* [Task item]
In the entries below, which lines run from the one with "Michael Kors Outlet" through the one with "Illustration of Eyeball"? Repeat exactly those, both included, and no pictures.

* [Available data]
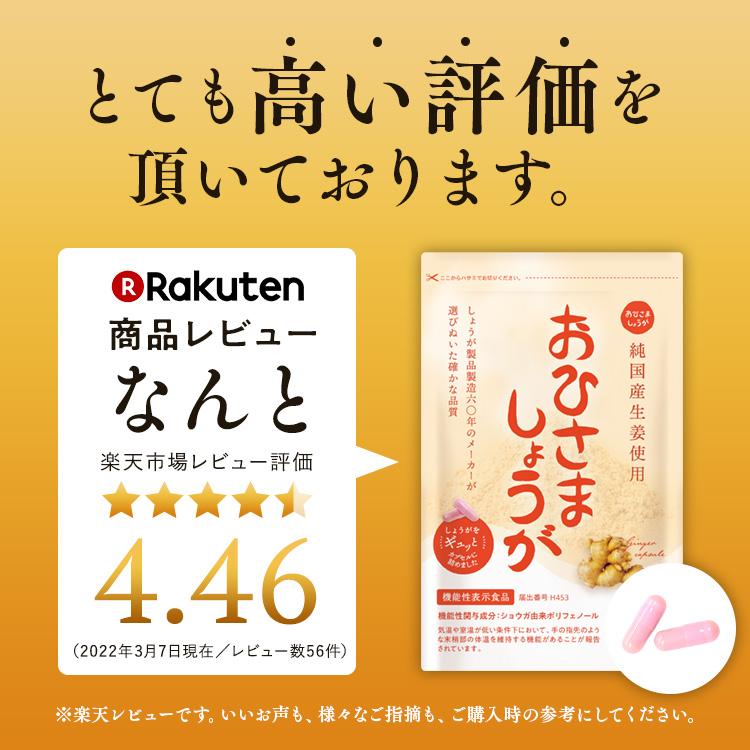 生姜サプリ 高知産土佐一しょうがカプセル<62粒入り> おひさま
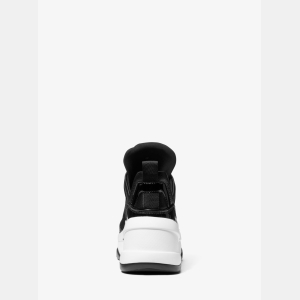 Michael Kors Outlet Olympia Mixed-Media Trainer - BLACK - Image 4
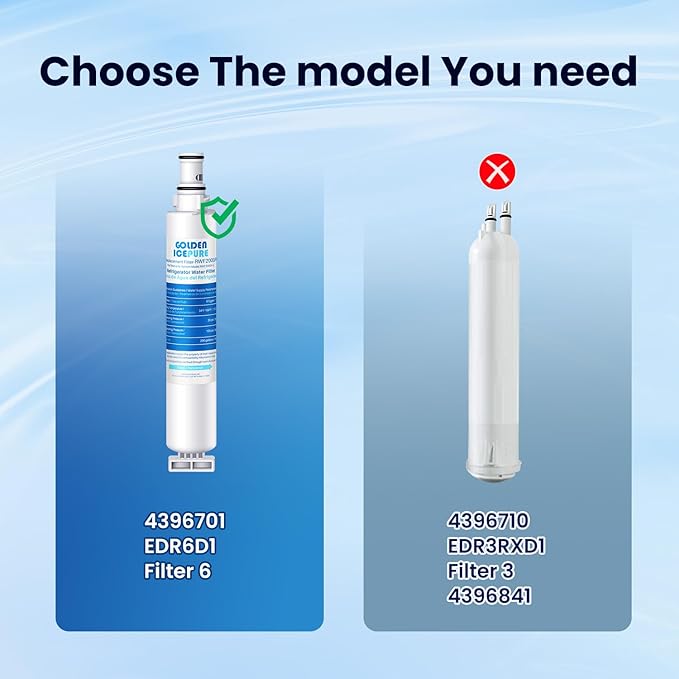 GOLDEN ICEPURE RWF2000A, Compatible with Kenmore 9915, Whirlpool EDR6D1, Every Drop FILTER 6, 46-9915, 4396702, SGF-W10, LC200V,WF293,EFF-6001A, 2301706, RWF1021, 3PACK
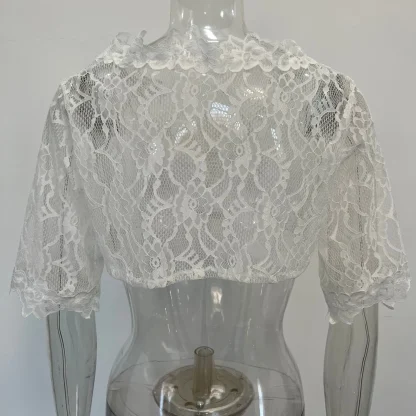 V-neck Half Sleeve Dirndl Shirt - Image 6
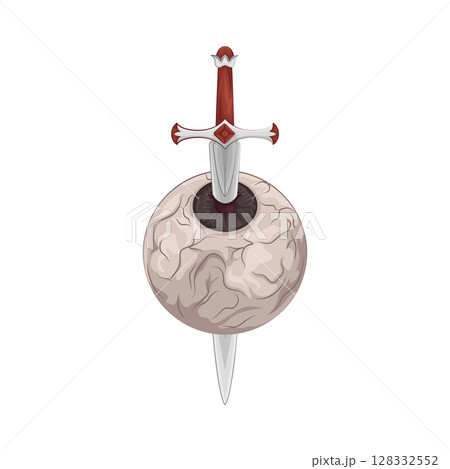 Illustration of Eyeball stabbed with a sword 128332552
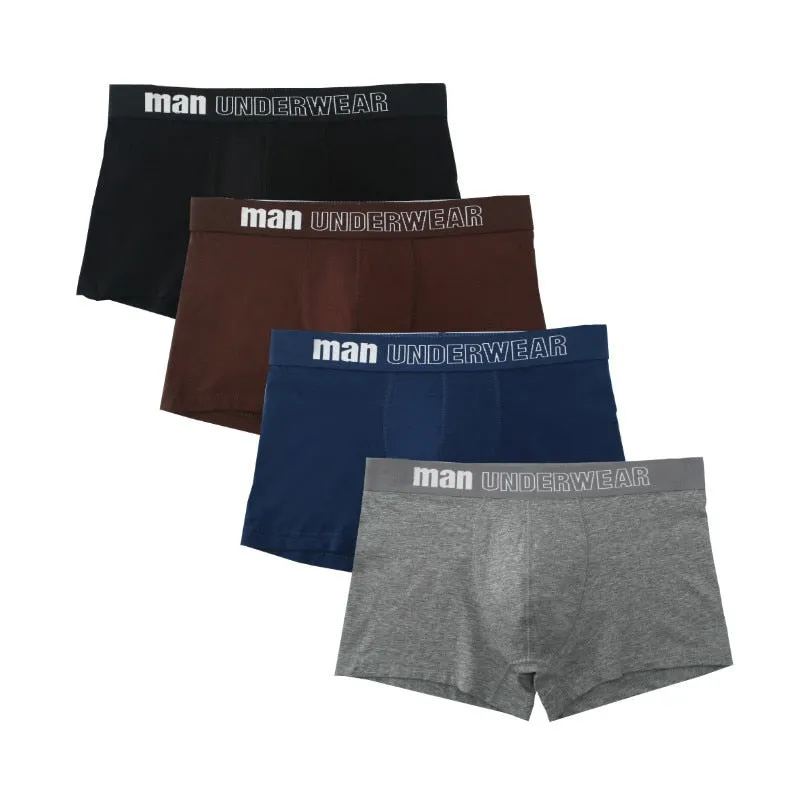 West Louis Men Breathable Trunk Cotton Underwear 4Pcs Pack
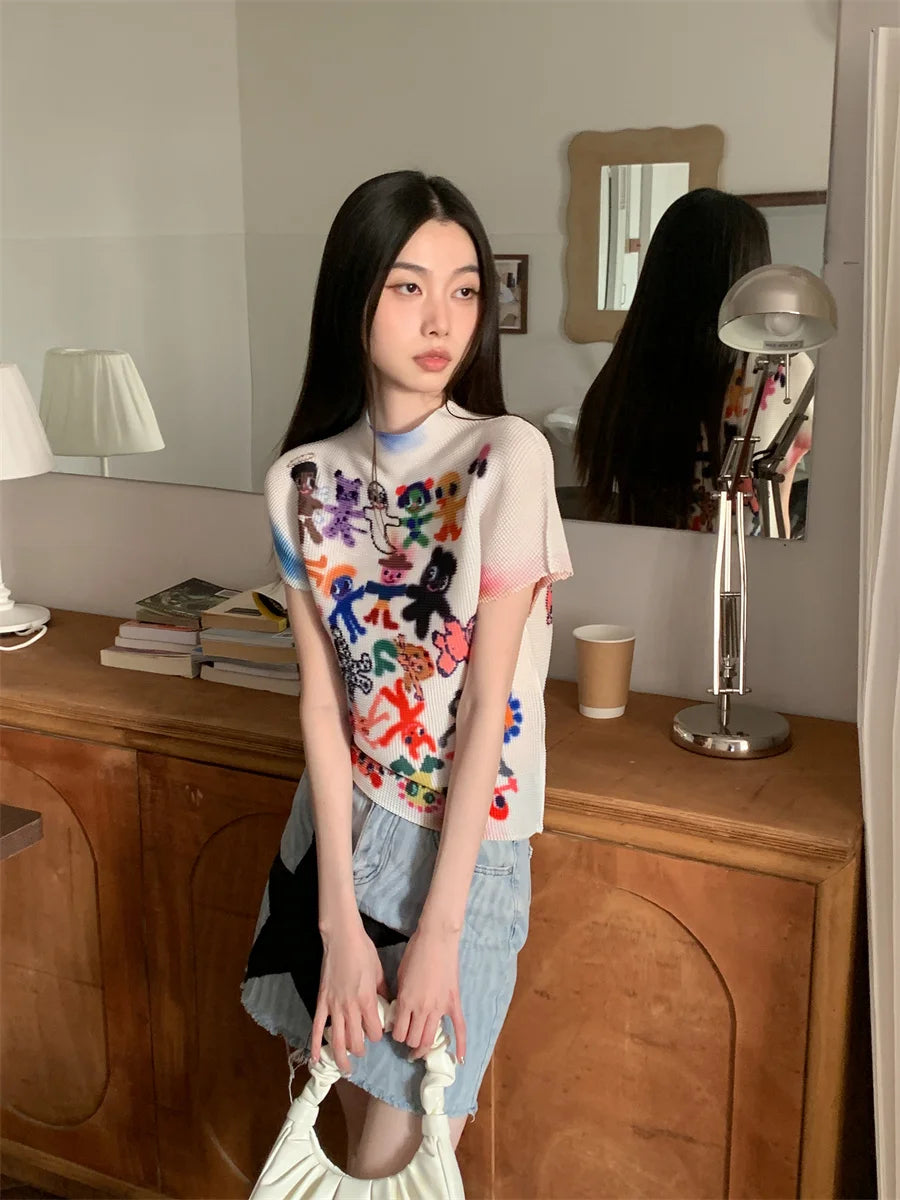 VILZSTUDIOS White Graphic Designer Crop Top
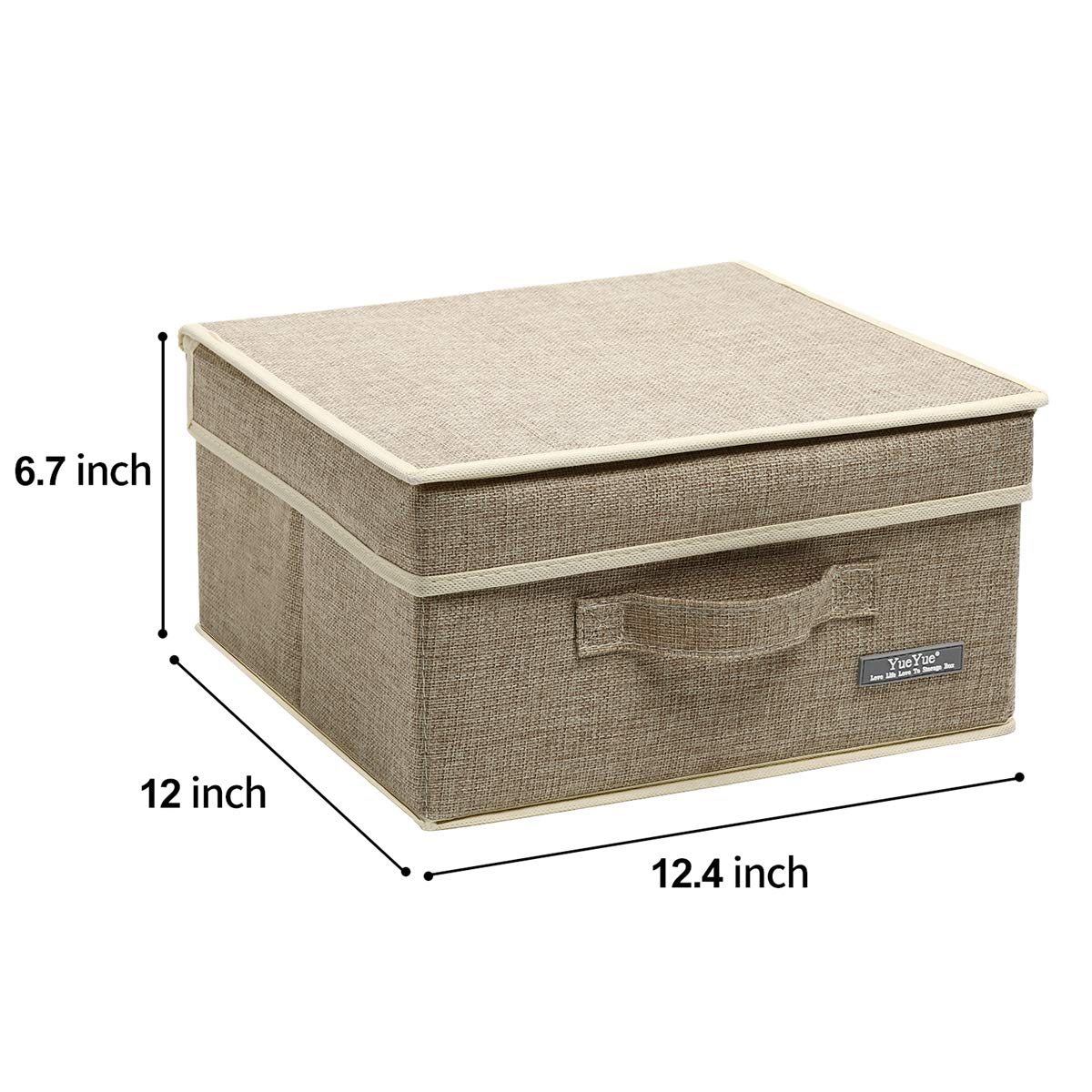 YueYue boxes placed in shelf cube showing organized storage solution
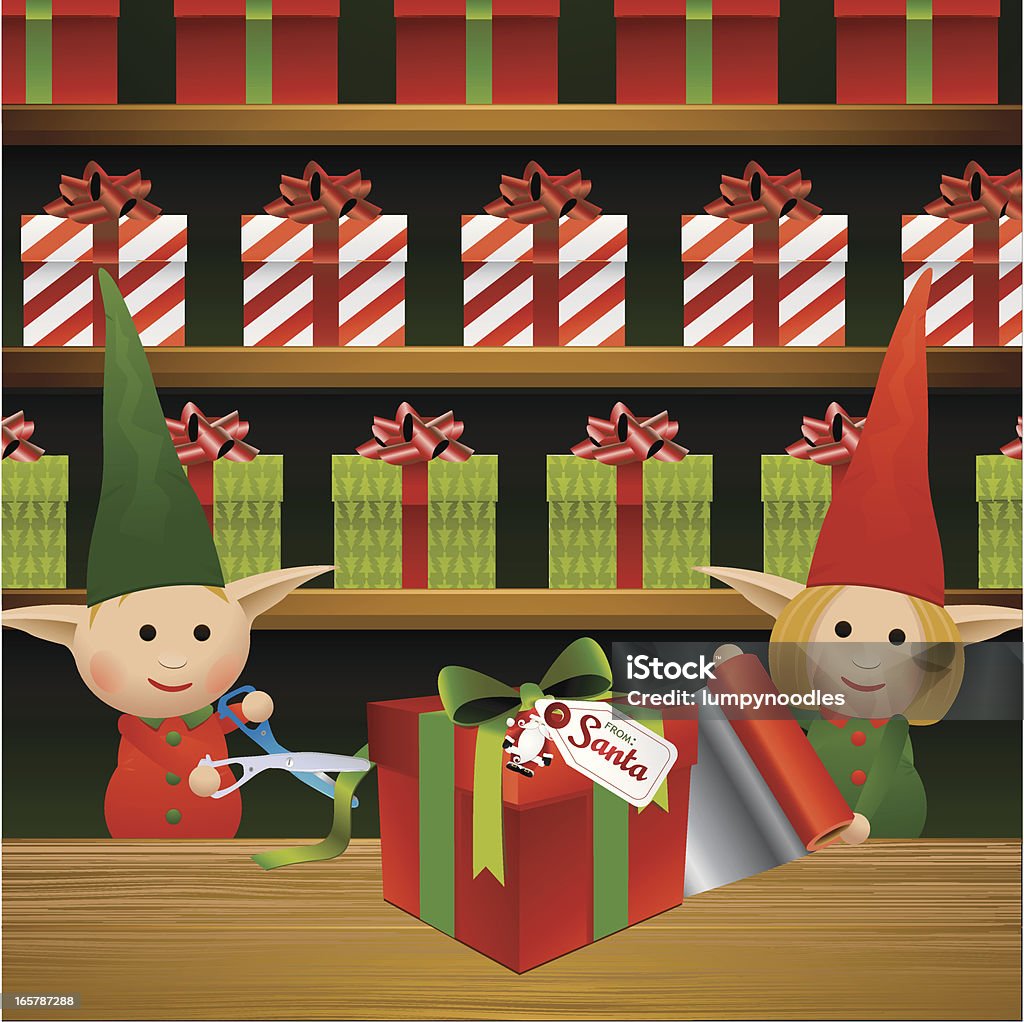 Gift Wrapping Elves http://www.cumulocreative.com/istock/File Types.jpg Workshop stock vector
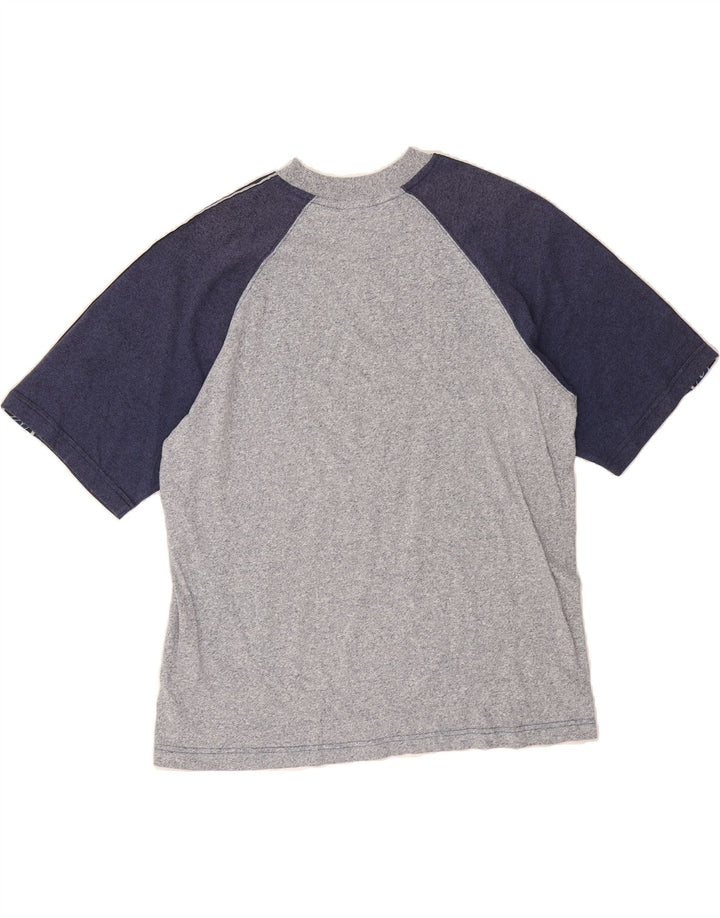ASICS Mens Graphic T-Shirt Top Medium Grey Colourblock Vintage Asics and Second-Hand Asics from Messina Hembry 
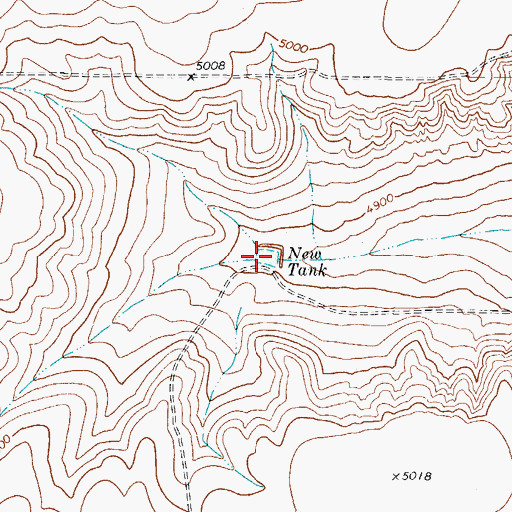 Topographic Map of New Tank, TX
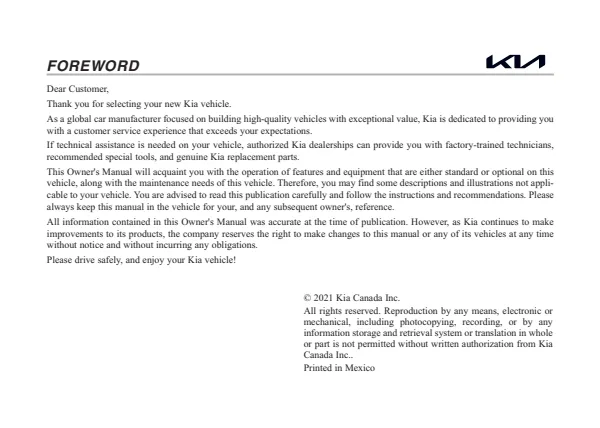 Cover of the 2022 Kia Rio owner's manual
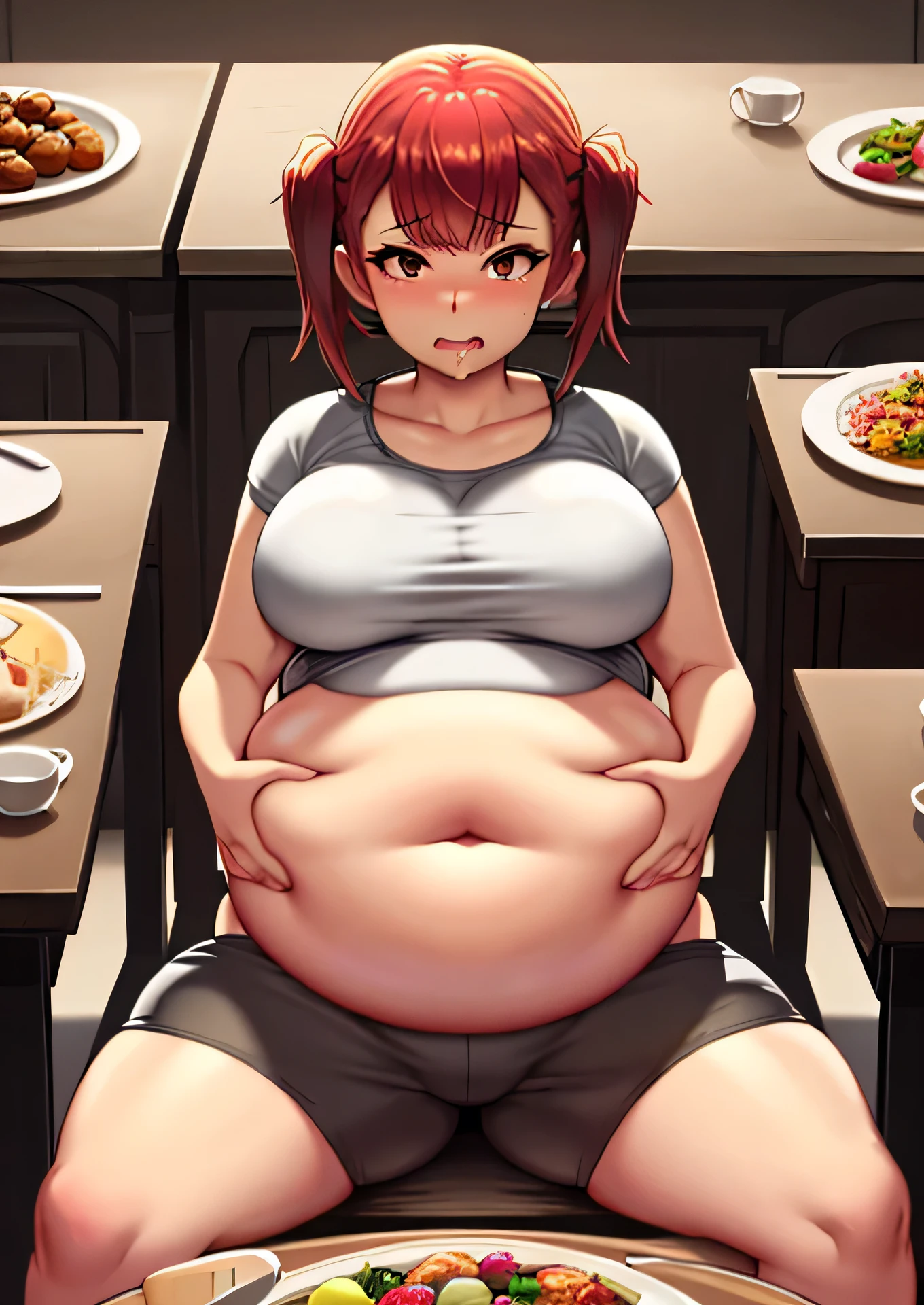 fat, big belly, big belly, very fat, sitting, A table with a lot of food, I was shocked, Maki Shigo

* [Result]
 Michael Kors Outlet Olympia Mixed-Media Trainer - BLACK - Image 4
 GOLDEN ICEPURE RWF2000A, Compatible with Kenmore 9915, Whirlpool EDR6D1, Every Drop FILTER 6, 46-9915, 4396702, SGF-W10, LC200V,WF293,EFF-6001A, 2301706, RWF1021, 3PACK
 V-neck Half Sleeve Dirndl Shirt - Image 6
 Illustration of Eyeball stabbed with a sword 128332552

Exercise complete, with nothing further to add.